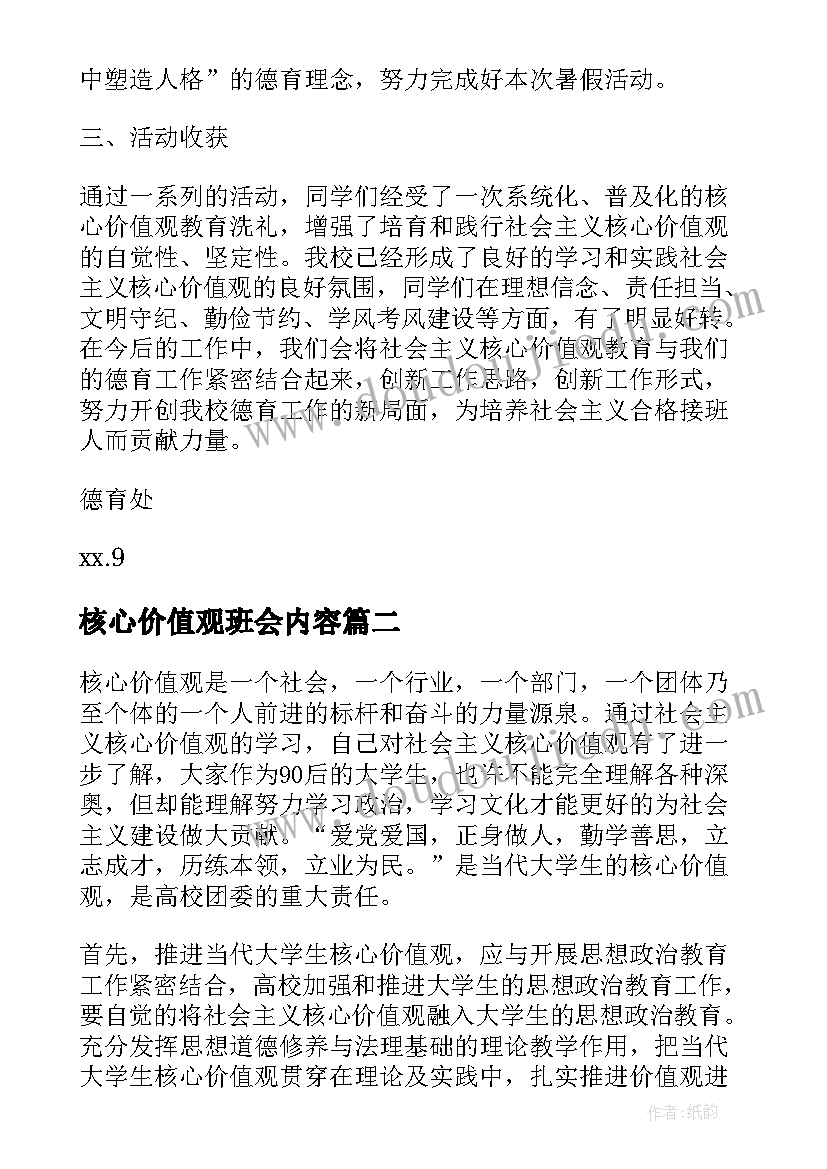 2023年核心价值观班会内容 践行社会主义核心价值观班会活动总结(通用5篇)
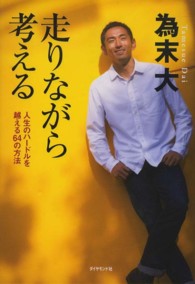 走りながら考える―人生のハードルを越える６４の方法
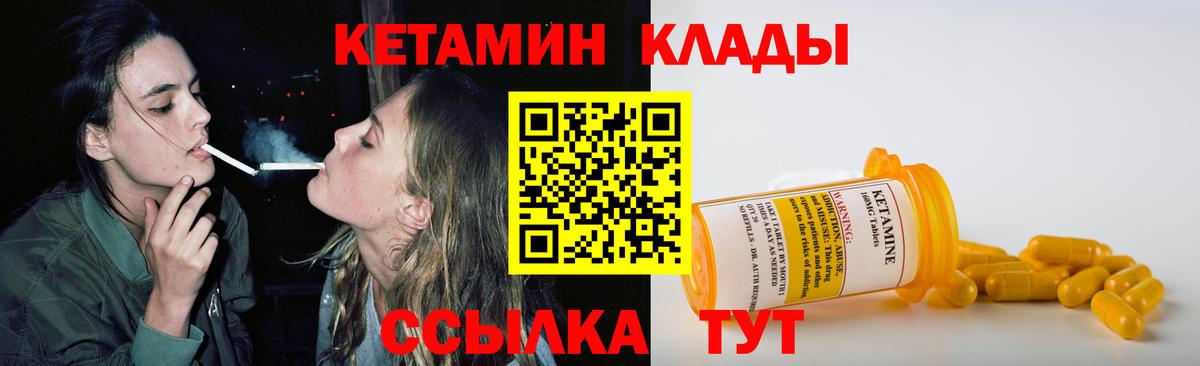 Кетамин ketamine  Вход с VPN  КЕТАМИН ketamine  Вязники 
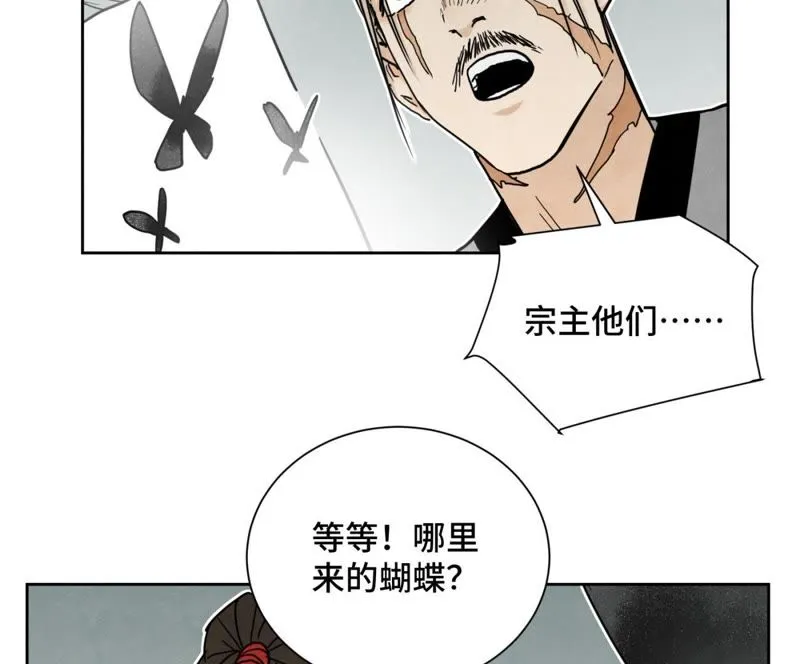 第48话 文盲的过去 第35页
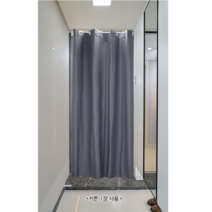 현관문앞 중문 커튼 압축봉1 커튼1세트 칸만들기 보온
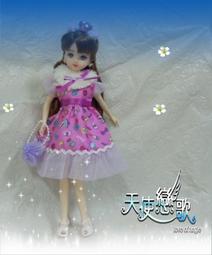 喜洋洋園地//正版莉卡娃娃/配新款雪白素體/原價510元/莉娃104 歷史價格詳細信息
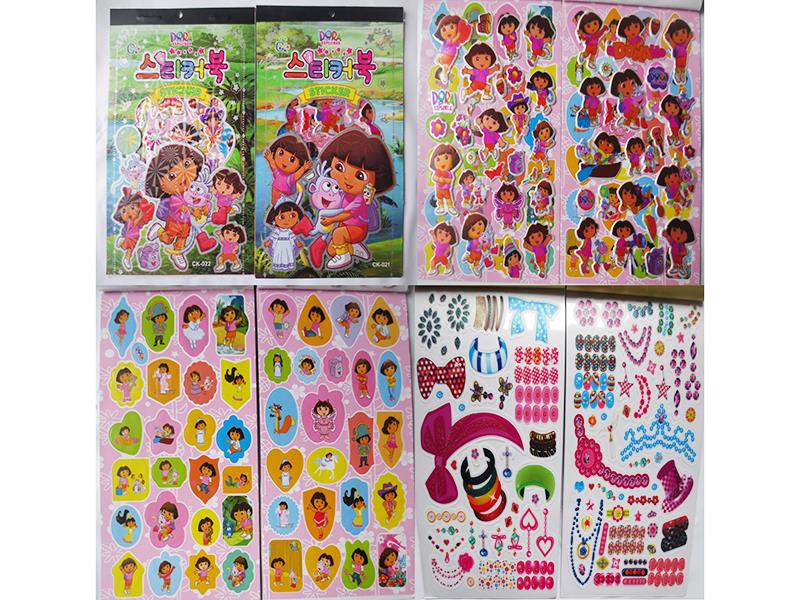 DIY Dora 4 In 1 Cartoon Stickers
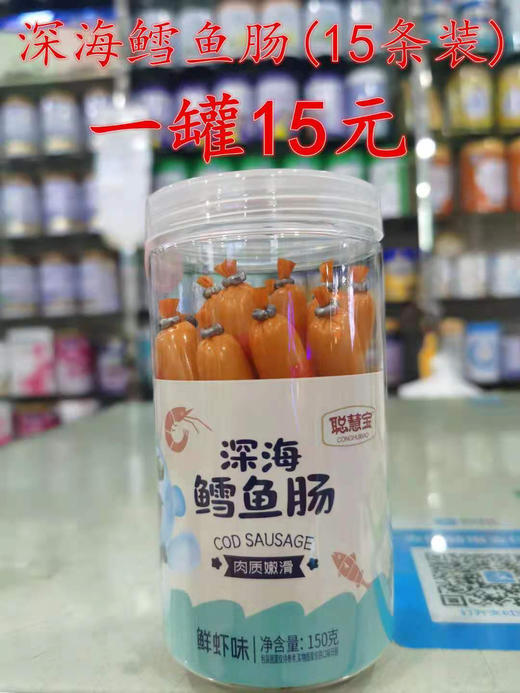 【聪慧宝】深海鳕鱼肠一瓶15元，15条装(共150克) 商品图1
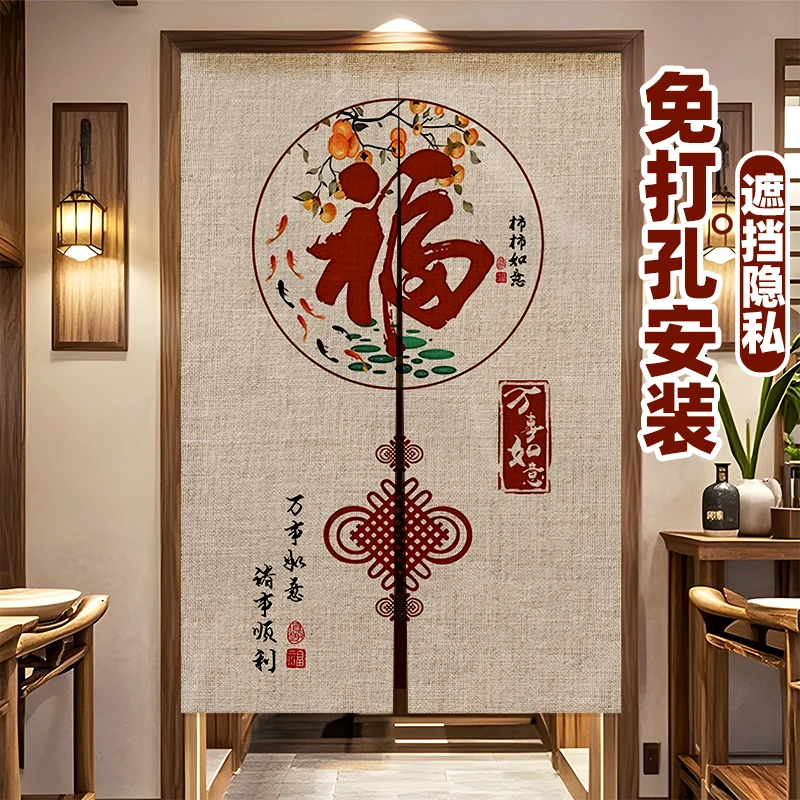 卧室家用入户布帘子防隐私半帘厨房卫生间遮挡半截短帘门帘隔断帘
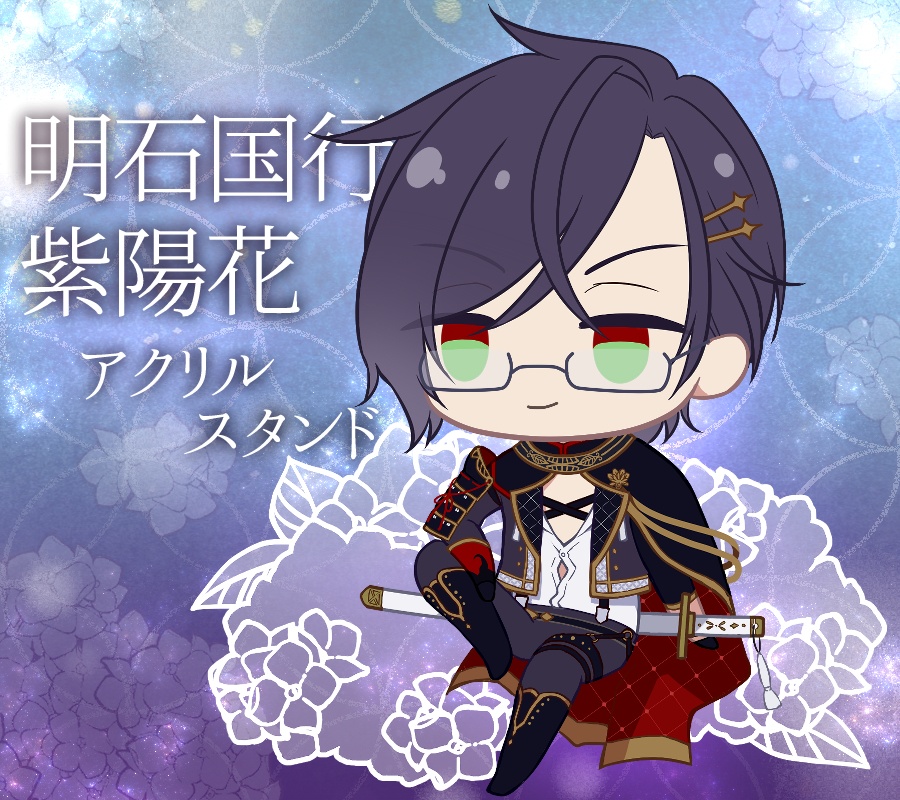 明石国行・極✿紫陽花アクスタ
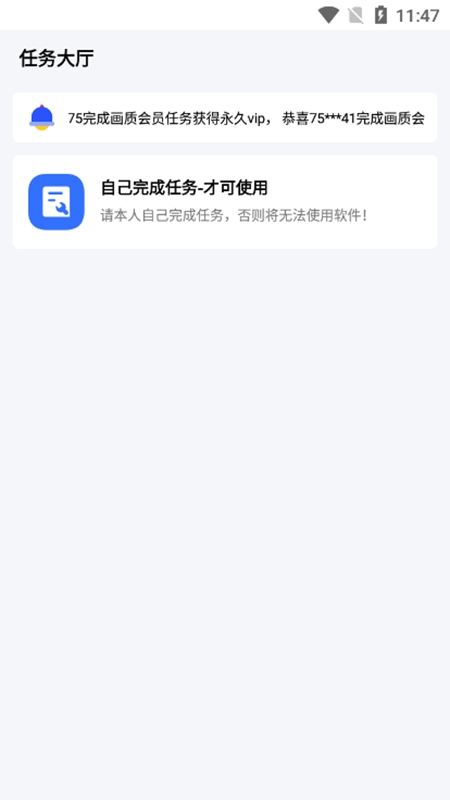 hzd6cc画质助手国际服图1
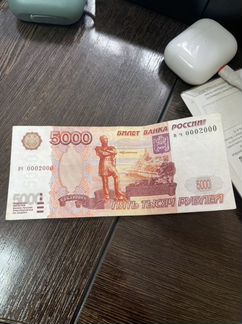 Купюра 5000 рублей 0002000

========

Copy nothing but the lines from the start of the entries through the line with "DIY Dora 4 In 1 Cartoon Stickers". Write them out exactly, without pictures.

WRITTEN SOLUTION
 2023年核心价值观班会内容 践行社会主义核心价值观班会活动总结(通用5篇)
 走りながら考える―人生のハードルを越える６４の方法
 Кетамин ketamine  Вход с VPN  КЕТАМИН ketamine  Вязники 
 第48话 文盲的过去 第35页
 현관문앞 중문 커튼 압축봉1 커튼1세트 칸만들기 보온
 喜洋洋園地//正版莉卡娃娃/配新款雪白素體/原價510元/莉娃104 歷史價格詳細信息
 DIY Dora 4 In 1 Cartoon Stickers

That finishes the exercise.